RECORDS TO USE Start Marker

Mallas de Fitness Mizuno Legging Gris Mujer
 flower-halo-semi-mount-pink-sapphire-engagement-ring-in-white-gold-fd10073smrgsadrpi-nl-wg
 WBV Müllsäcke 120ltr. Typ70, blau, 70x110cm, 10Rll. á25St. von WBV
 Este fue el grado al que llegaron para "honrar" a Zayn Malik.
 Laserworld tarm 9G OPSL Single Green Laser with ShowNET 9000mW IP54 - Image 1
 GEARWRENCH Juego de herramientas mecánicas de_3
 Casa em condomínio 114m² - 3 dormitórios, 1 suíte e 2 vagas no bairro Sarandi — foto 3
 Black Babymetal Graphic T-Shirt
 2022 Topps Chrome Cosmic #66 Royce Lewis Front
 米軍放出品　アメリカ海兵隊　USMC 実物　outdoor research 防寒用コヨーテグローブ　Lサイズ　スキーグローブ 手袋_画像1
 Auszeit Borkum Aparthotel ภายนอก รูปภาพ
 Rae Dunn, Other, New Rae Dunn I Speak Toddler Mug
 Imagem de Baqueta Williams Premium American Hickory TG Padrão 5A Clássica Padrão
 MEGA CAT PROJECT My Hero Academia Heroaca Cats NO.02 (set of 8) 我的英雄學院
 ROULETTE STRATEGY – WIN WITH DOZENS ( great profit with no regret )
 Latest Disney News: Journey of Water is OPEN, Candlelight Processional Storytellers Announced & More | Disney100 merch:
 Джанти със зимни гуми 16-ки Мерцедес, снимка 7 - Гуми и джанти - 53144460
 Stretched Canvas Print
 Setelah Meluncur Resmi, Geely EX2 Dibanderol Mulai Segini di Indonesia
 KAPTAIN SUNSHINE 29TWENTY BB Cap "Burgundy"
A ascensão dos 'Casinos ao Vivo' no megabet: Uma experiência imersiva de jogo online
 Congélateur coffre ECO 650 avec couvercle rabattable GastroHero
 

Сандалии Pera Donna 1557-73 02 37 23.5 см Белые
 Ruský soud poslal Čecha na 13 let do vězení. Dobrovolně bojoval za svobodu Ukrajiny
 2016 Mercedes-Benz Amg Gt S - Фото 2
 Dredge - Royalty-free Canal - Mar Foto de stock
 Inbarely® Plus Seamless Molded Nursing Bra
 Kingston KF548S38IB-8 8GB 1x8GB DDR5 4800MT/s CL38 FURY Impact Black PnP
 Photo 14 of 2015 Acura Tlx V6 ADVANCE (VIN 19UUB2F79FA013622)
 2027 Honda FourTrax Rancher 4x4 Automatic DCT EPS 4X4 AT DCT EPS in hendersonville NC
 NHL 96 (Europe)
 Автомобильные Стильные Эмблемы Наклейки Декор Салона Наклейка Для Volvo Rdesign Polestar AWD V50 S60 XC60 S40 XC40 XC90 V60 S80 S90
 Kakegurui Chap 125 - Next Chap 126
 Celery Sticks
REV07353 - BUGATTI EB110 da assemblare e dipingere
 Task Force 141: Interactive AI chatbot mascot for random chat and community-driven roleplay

RECORDS TO USE End Marker

Render every record verbatim. Nothing should be left out.

_ANSWER TO THE PROBLEM_
Mallas de Fitness Mizuno Legging Gris Mujer
 flower-halo-semi-mount-pink-sapphire-engagement-ring-in-white-gold-fd10073smrgsadrpi-nl-wg
 WBV Müllsäcke 120ltr. Typ70, blau, 70x110cm, 10Rll. á25St. von WBV
 Este fue el grado al que llegaron para "honrar" a Zayn Malik.
 Laserworld tarm 9G OPSL Single Green Laser with ShowNET 9000mW IP54 - Image 1
 GEARWRENCH Juego de herramientas mecánicas de_3
 Casa em condomínio 114m² - 3 dormitórios, 1 suíte e 2 vagas no bairro Sarandi — foto 3
 Black Babymetal Graphic T-Shirt
 2022 Topps Chrome Cosmic #66 Royce Lewis Front
 米軍放出品　アメリカ海兵隊　USMC 実物　outdoor research 防寒用コヨーテグローブ　Lサイズ　スキーグローブ 手袋_画像1
 Auszeit Borkum Aparthotel ภายนอก รูปภาพ
 Rae Dunn, Other, New Rae Dunn I Speak Toddler Mug
 Imagem de Baqueta Williams Premium American Hickory TG Padrão 5A Clássica Padrão
 MEGA CAT PROJECT My Hero Academia Heroaca Cats NO.02 (set of 8) 我的英雄學院
 ROULETTE STRATEGY – WIN WITH DOZENS ( great profit with no regret )
 Latest Disney News: Journey of Water is OPEN, Candlelight Processional Storytellers Announced & More | Disney100 merch:
 Джанти със зимни гуми 16-ки Мерцедес, снимка 7 - Гуми и джанти - 53144460
 Stretched Canvas Print
 Setelah Meluncur Resmi, Geely EX2 Dibanderol Mulai Segini di Indonesia
 KAPTAIN SUNSHINE 29TWENTY BB Cap "Burgundy"
A ascensão dos 'Casinos ao Vivo' no megabet: Uma experiência imersiva de jogo online
 Congélateur coffre ECO 650 avec couvercle rabattable GastroHero
 

Сандалии Pera Donna 1557-73 02 37 23.5 см Белые
 Ruský soud poslal Čecha na 13 let do vězení. Dobrovolně bojoval za svobodu Ukrajiny
 2016 Mercedes-Benz Amg Gt S - Фото 2
 Dredge - Royalty-free Canal - Mar Foto de stock
 Inbarely® Plus Seamless Molded Nursing Bra
 Kingston KF548S38IB-8 8GB 1x8GB DDR5 4800MT/s CL38 FURY Impact Black PnP
 Photo 14 of 2015 Acura Tlx V6 ADVANCE (VIN 19UUB2F79FA013622)
 2027 Honda FourTrax Rancher 4x4 Automatic DCT EPS 4X4 AT DCT EPS in hendersonville NC
 NHL 96 (Europe)
 Автомобильные Стильные Эмблемы Наклейки Декор Салона Наклейка Для Volvo Rdesign Polestar AWD V50 S60 XC60 S40 XC40 XC90 V60 S80 S90
 Kakegurui Chap 125 - Next Chap 126
 Celery Sticks
REV07353 - BUGATTI EB110 da assemblare e dipingere
 Task Force 141: Interactive AI chatbot mascot for random chat and community-driven roleplay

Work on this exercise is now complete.